ASSIGNMENT
Everything from the line containing "Squishmallows Peluche Pokemon" to the last line of the material below must be retyped exactly, both ends included; skip the pictures.

DATASET CONTENT
_ _ _ _ _

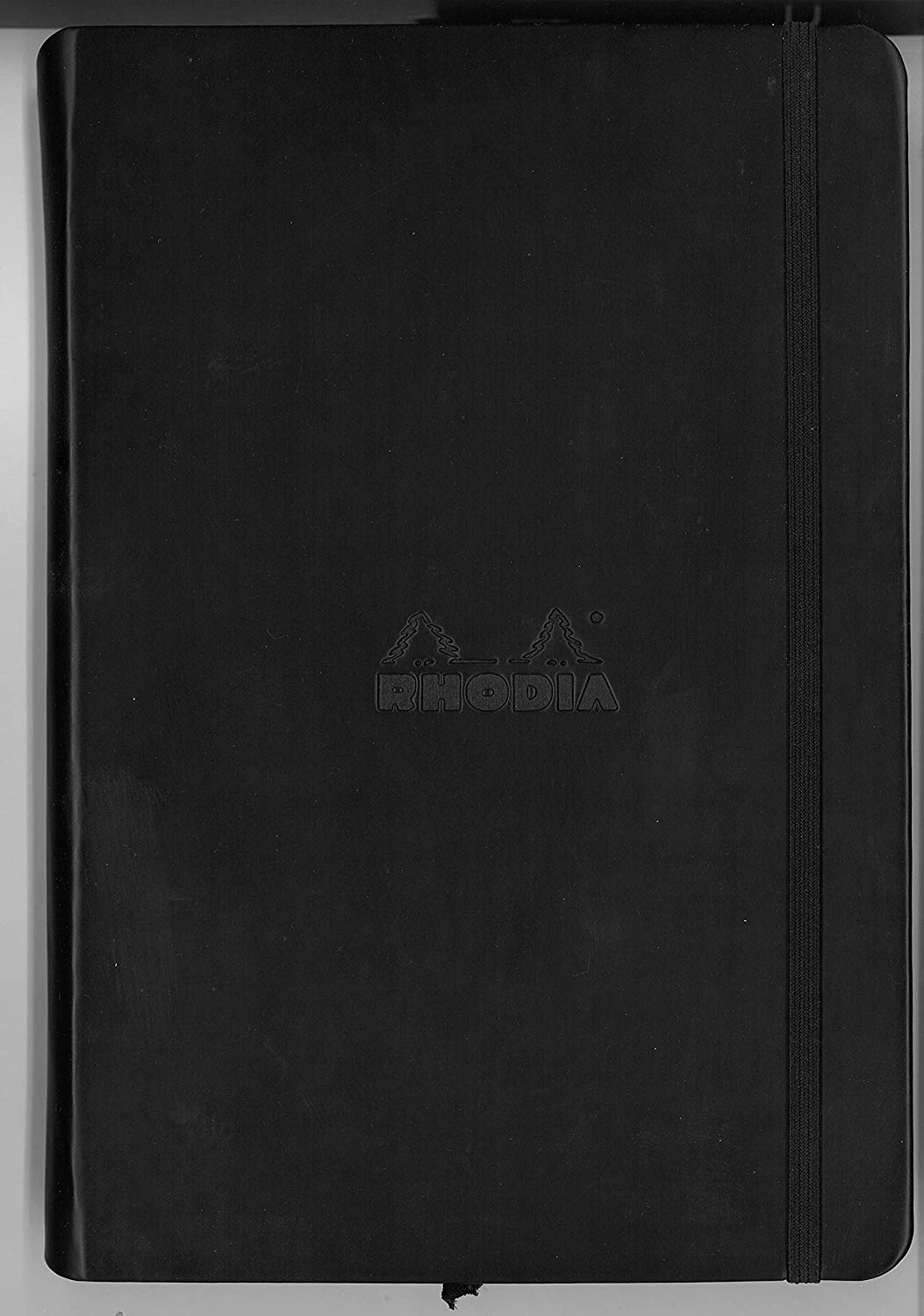RHODIA 118769C, Rigid Notebook Webnotebook Black, A5, Dotted Dot, 192 pages, Clairefontaine Ivory Paper 90 g/m, Bookmark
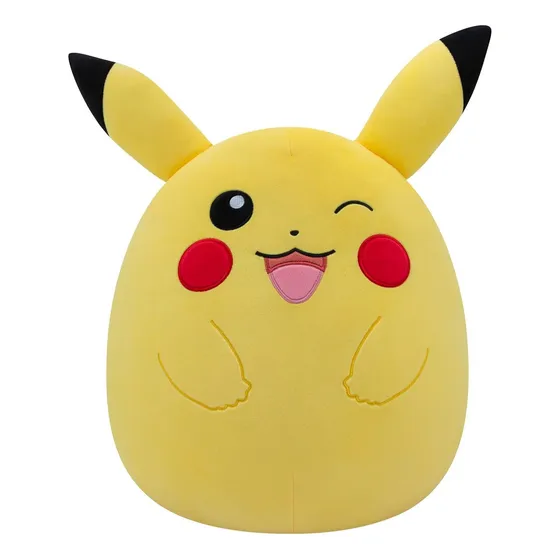 Squishmallows Peluche Pokemon Pikachu Kellytoy Color Amarillo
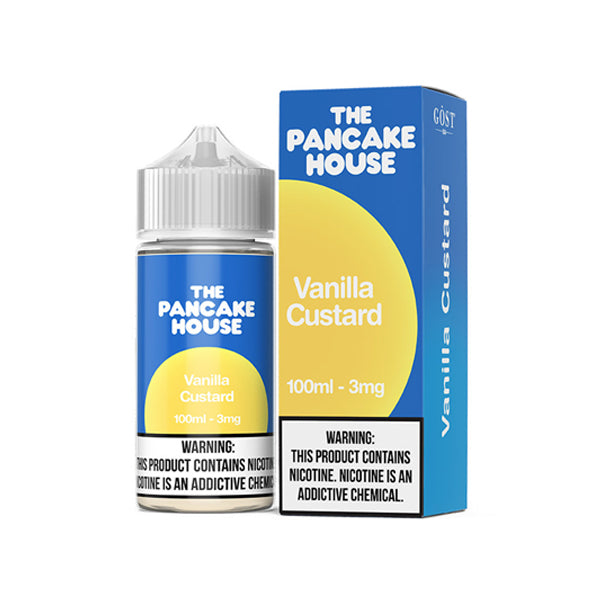 Vanilla Custard GOST Pancake House 100mL with packaging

_ _ _ _ _

RESULT FOR THIS EXERCISE
 Squishmallows Peluche Pokemon Pikachu Kellytoy Color Amarillo
 Vanilla Custard GOST Pancake House 100mL with packaging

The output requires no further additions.